The movable section 8 and the second movable section 9 may be provided in a fixed manner. The endoscope can be used not only for medical purposes but also for observing the inside of a thin tube for industrial use.

[0020]

Since the present invention is configured as described above, the following effects can be obtained.

According to the endoscope of the first aspect, the length of the actuator section 2 can be reduced (even though the head is swung in two directions). In addition, the actuator section 2 is not bulky, and a sufficient space for passing the striatum 1 at the center of the endoscope can be secured. Further, the friction at the time of the swing is reduced, the variation of the swing angle can be suppressed, and the swing can be performed smoothly.

According to the endoscope of the second aspect, it is possible to reliably perform the swing to the first swing wire 3 side and the swing to the second swing wire 4 side. According to the endoscope according to the third aspect, the structure is simplified and the endoscope can be easily manufactured. Further, the actuator section 2 can be made more compact.

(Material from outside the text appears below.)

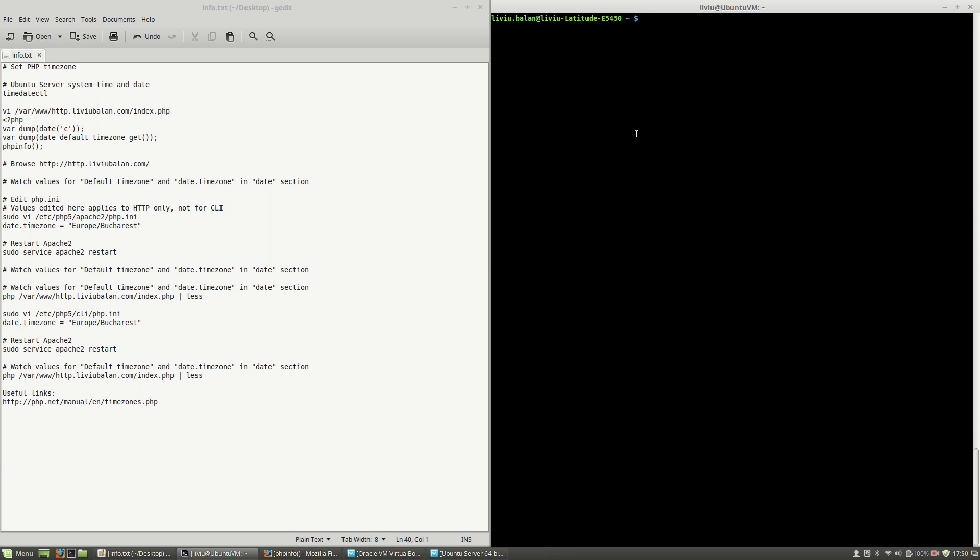Hello, I'm Liviu Balan and today I will show you how to set PHP timezone. So let's get started.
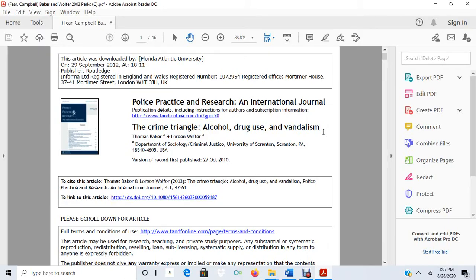Hello, today I'm going to be discussing independent and dependent variables and how you can find them in a research article.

[Brief description of the drawings]

FIG. 1 is an enlarged simplified side view of a main part of a non-heated state according to an embodiment of the present invention.

FIG. 2 is an enlarged simplified side view of a main part in a first heating state.

FIG. 3 is an enlarged simplified side view of a main part in a second heating state.

FIG. 4 is an explanatory view of a conventional example.

[Explanation of symbols]

 Reference Signs List 1 striatum 1a oscillating part 2 actuator part 3 first oscillating wire 4 second oscillating wire 5 first shape memory spring part 6 second shape memory spring part 7 third shape memory spring part 8 first movable Part 9 Second movable part

Claims (3)

[Claims] 1. A striated body having a oscillating portion formed on the distal end side,
In the cross section, 180 ° about the axis at the tip of the oscillating part
A first and a second oscillating wire having a distal end connected to the opposite position, and extendable in the longitudinal direction along the striatum so as to be sequentially provided in series from the distal end side. A first, a second, and a third shape memory spring portion, and a boundary portion between the first shape memory spring portion and the second shape memory spring portion and a base end portion of the first oscillating wire. A first movable part to be connected, a second movable part disposed at a boundary between the second shape memory spring part and the third shape memory spring part, and connected to a base end of the second oscillating wire; An endoscope comprising: an actuator unit having: 2. A first heating state in which the first and third shape memory springs are heated and the second shape memory spring is not heated, and a first and third state in which the second shape memory spring is heated and the second shape memory spring is heated. 2. The endoscope according to claim 1, wherein the endoscope is configured to be switchable between a second heating state in which the shape memory spring portion is not heated. 3. The endoscope according to claim 1, wherein the first, second, and third shape memory spring portions are formed in a coil spring shape that is elongated by heating, and are wound around the striated body. mirror.